— What you will do —
Print the lines below from the line with "2005-2011 AUDI A6" to the line with "Hotel Brati Beach" exactly, keeping both ends, and print no pictures.

[Opening Task data section]

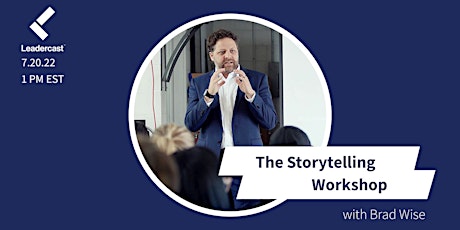 Leadercast Workshop: Storytelling tickets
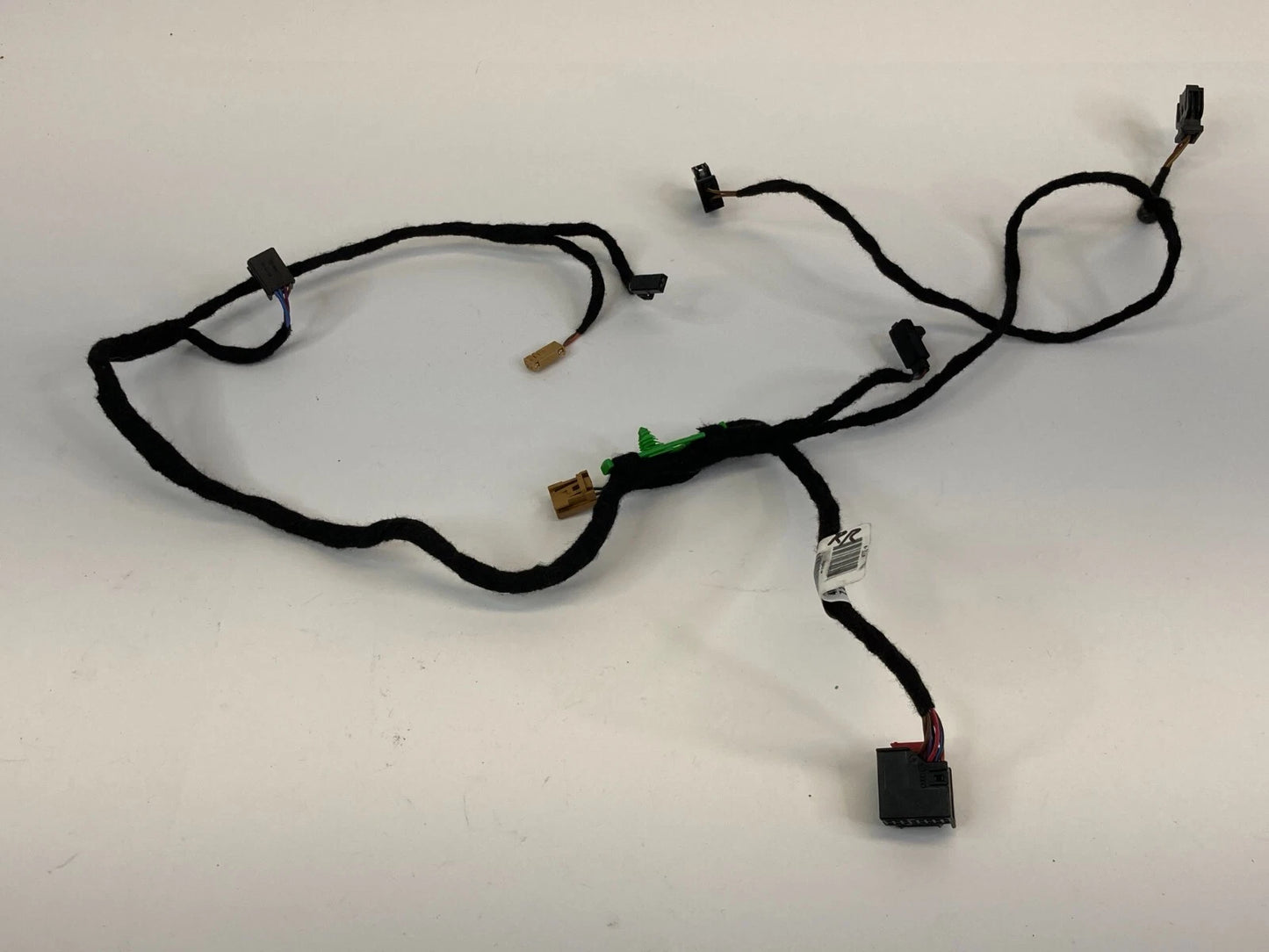 2005-2011 AUDI A6 QUATTRO REAR RIGHT DOOR PANEL WIRING WIRE HARNESS ASSEMBLY OEM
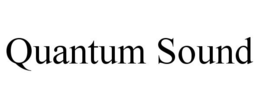 QUANTUM SOUND trademark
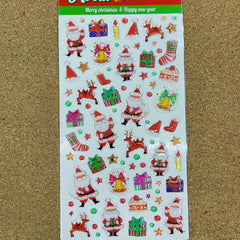 Christmas Stickers for Water Bottle Luggage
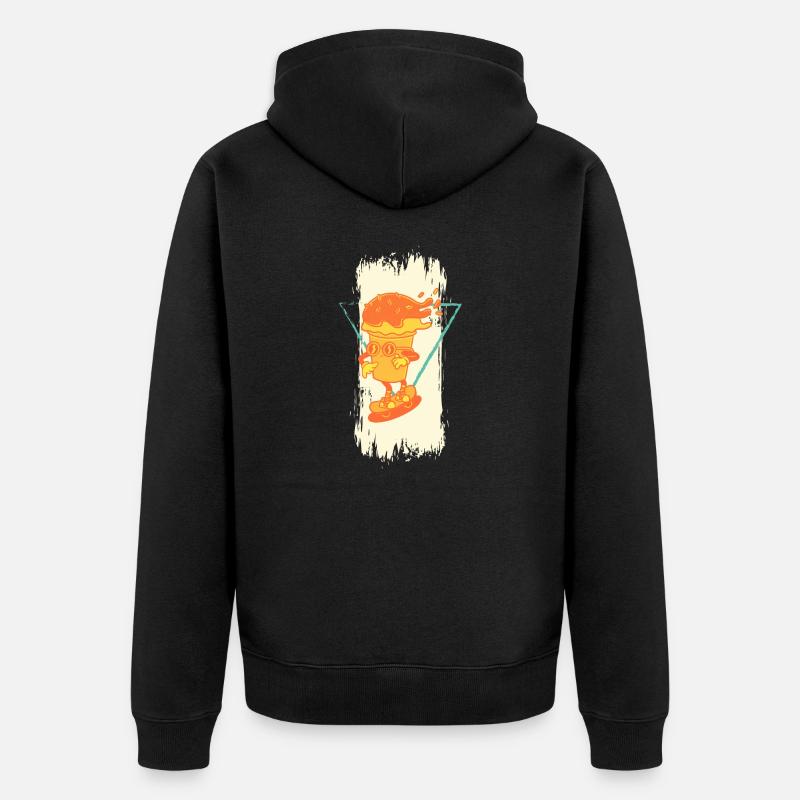 Tasse CoolCup - Veste à capuche bio Premium Unisexe - noir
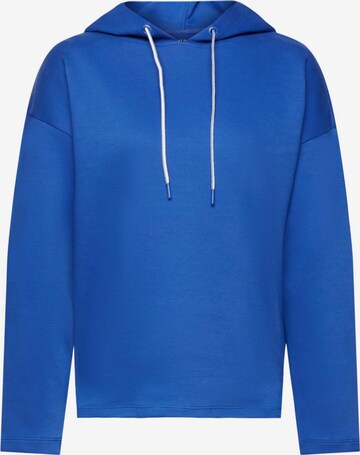 ESPRIT Athletic Sweatshirt in Blue: front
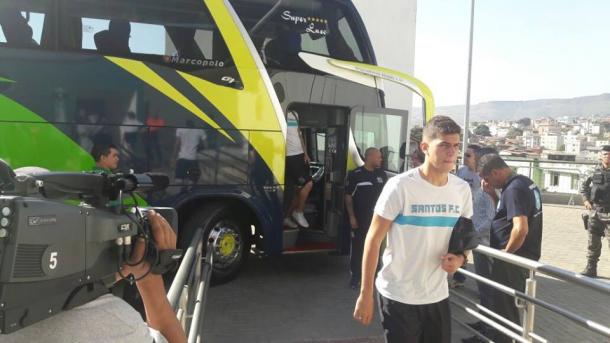 Foto: Facebook/Santos F.C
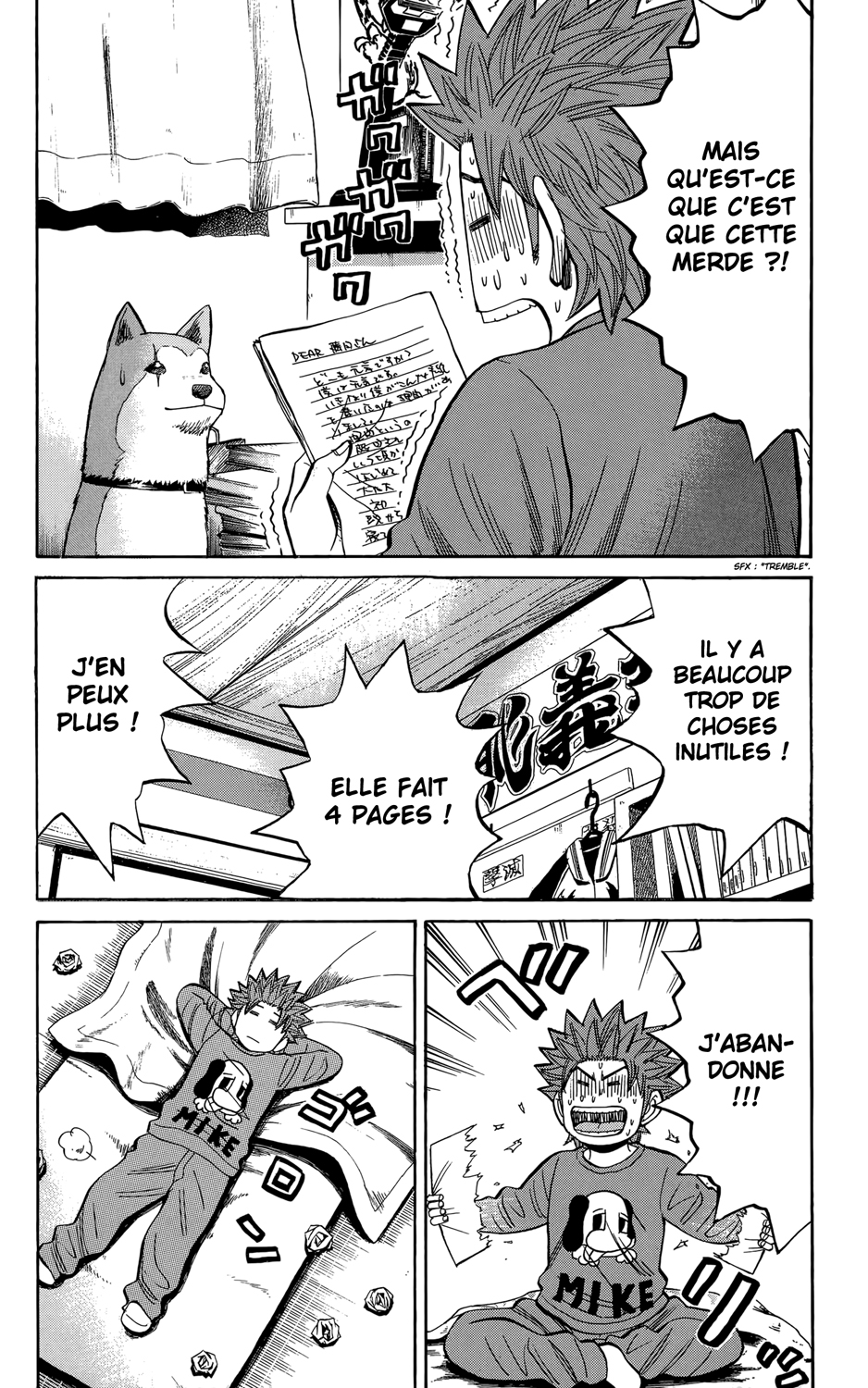 Read NANBA MG5 FR Manga Online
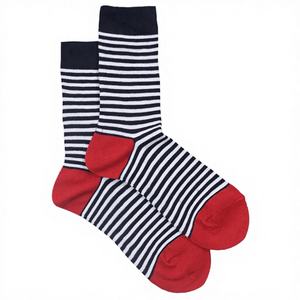 Calcetines Deportivos Transpirables de Algodón/Spandex/Poliéster para Hombre, Estilo Casual, Ajuste Cómodo, Puño Elástico, Uso Diario, Venta al Por Mayor - Product Image 2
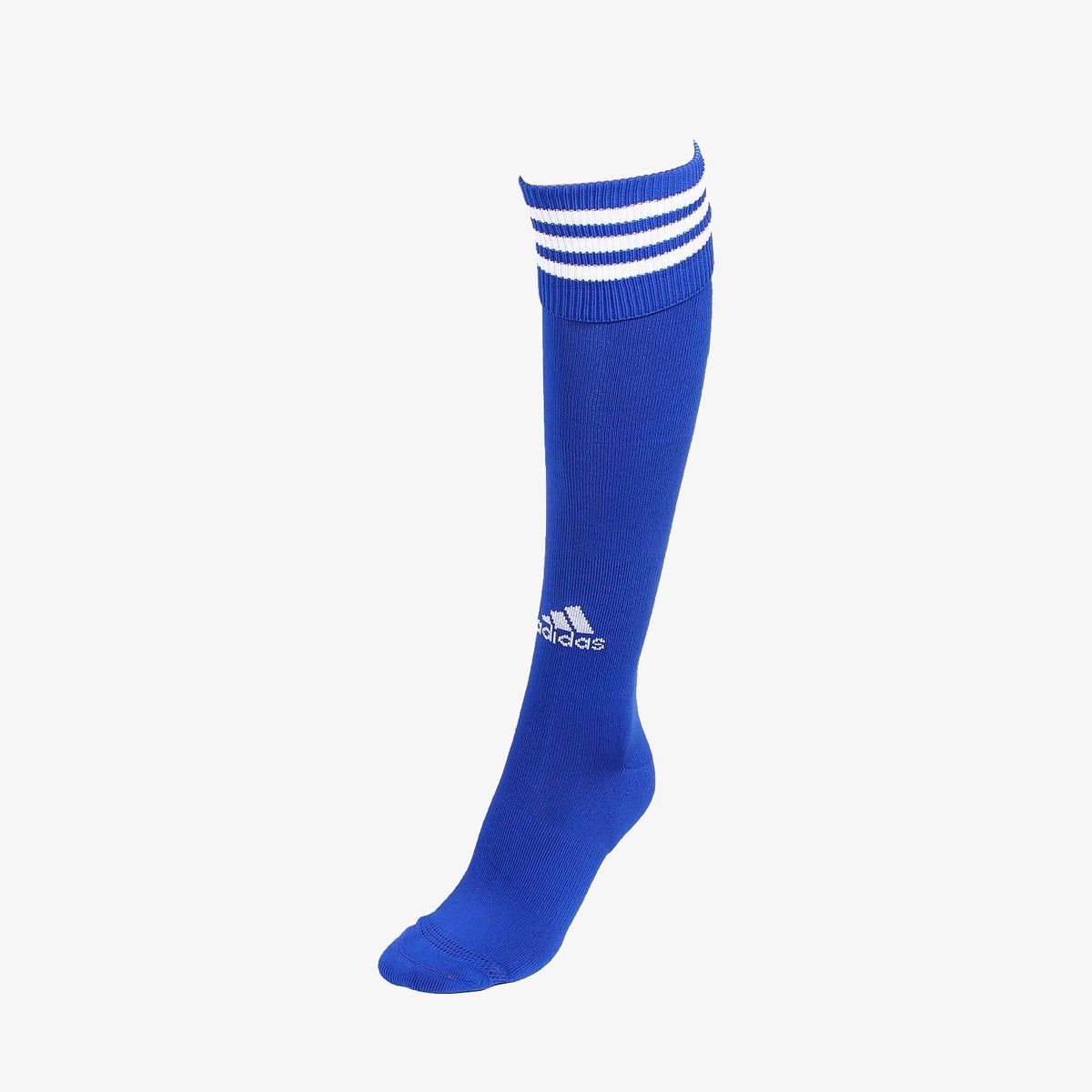 Copa Zone Cushion Soccer Sock Royal/White Large product image 1, provided for visual reference and product detail review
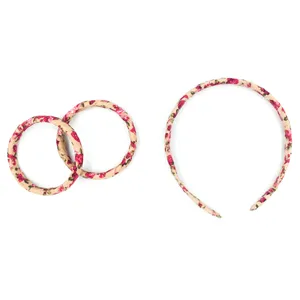 تل مو زنانه مدل 1323 به همراه النگو مجموعه 3 عددی 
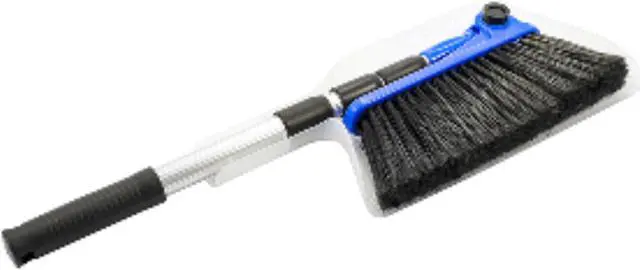 Alt view image 20 of 20 - Camco Adjustable Length RV Broom and Dustpan 43623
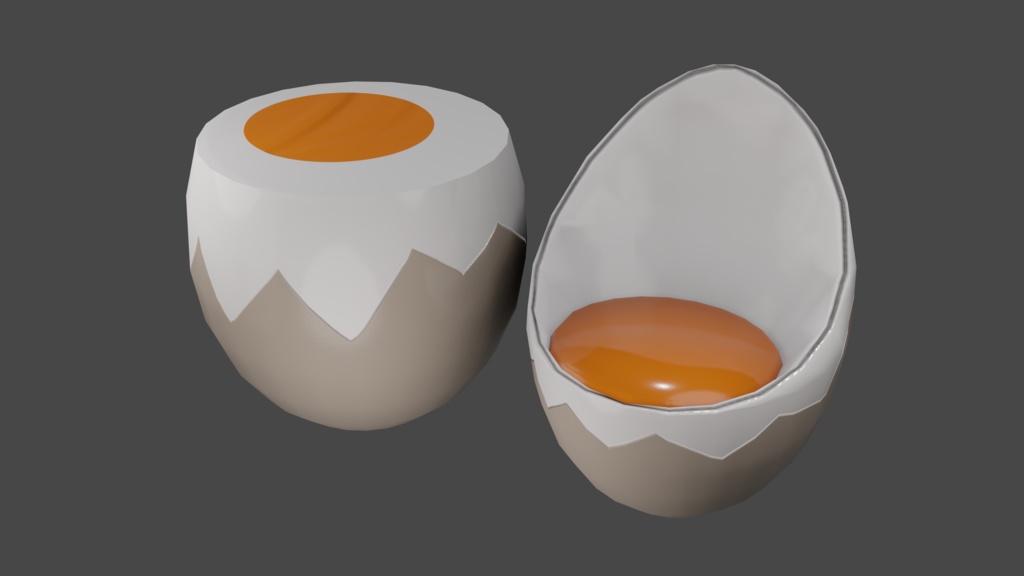 Egg Chair and Table | 卵椅子とテーブル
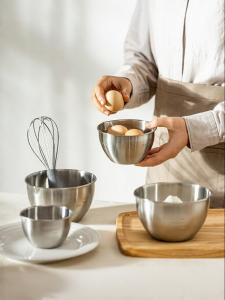 MODERN SWEETHOME | Stainless Steel Measuring Mixing Bowl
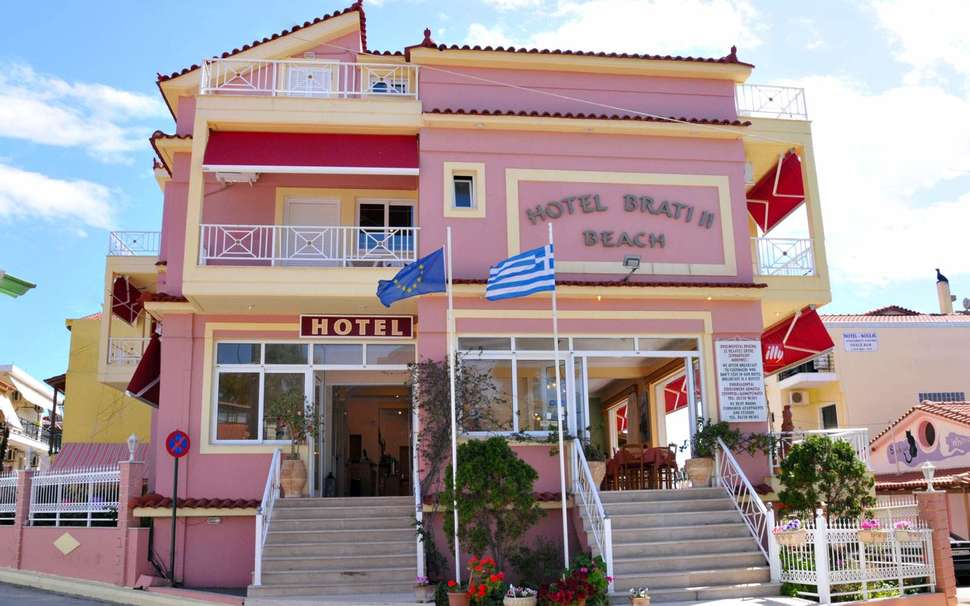 Hotel Brati Beach
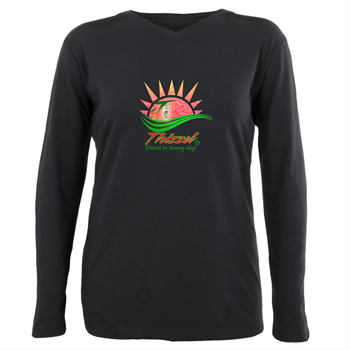 Summer Logo Plus Size Long Sleeve Tee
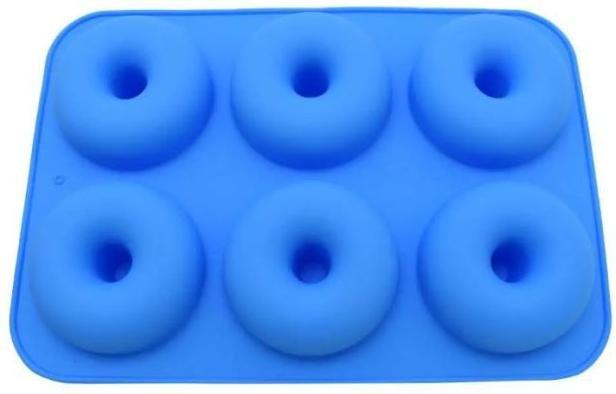 Actual product image MU Classic Silikon Donut Backform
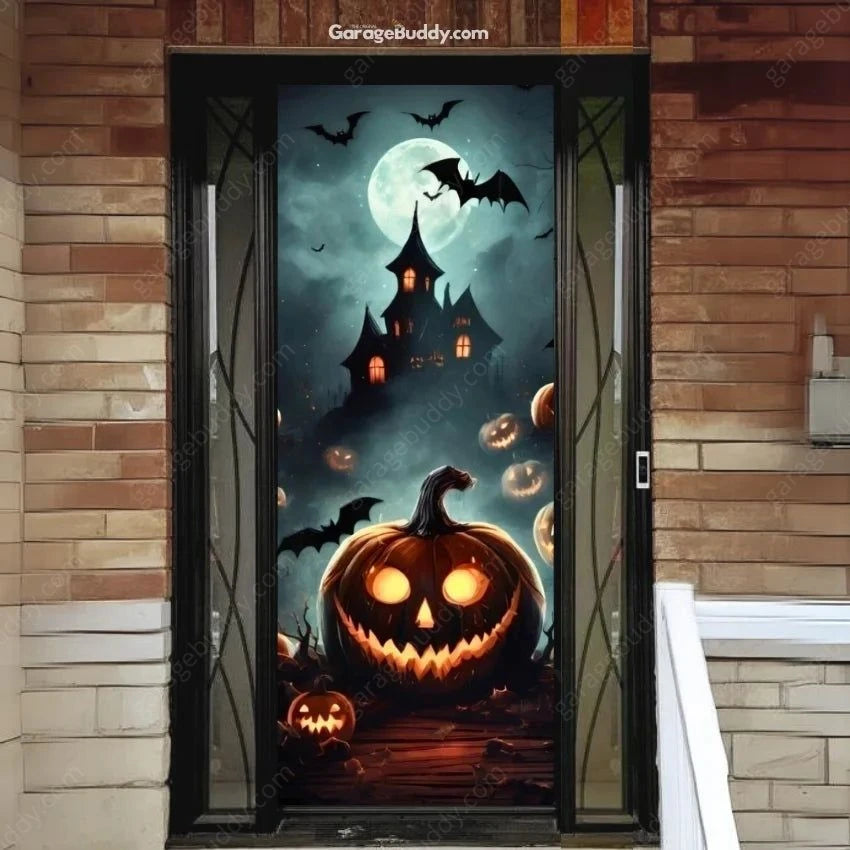GarageBuddy Halloween Front Door Covers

[Closing Task data section]

— Exercise response —
 2005-2011 AUDI A6 QUATTRO REAR RIGHT DOOR PANEL WIRING WIRE HARNESS ASSEMBLY OEM
 QUANTUM SOUND trademark
 Christmas Stickers for Water Bottle Luggage
 Tasse CoolCup - Veste à capuche bio Premium Unisexe - noir
 ESPRIT Athletic Sweatshirt in Blue: front
 Foto: Facebook/Santos F.C
 Read NANBA MG5 FR Manga Online
 Calcetines Deportivos Transpirables de Algodón/Spandex/Poliéster para Hombre, Estilo Casual, Ajuste Cómodo, Puño Elástico, Uso Diario, Venta al Por Mayor - Product Image 2
 Copa Zone Cushion Soccer Sock Royal/White Large product image 1, provided for visual reference and product detail review
 تل مو زنانه مدل 1323 به همراه النگو مجموعه 3 عددی 
 Alt view image 20 of 20 - Camco Adjustable Length RV Broom and Dustpan 43623
 Egg Chair and Table | 卵椅子とテーブル
 MODERN SWEETHOME | Stainless Steel Measuring Mixing Bowl
 Hotel Brati Beach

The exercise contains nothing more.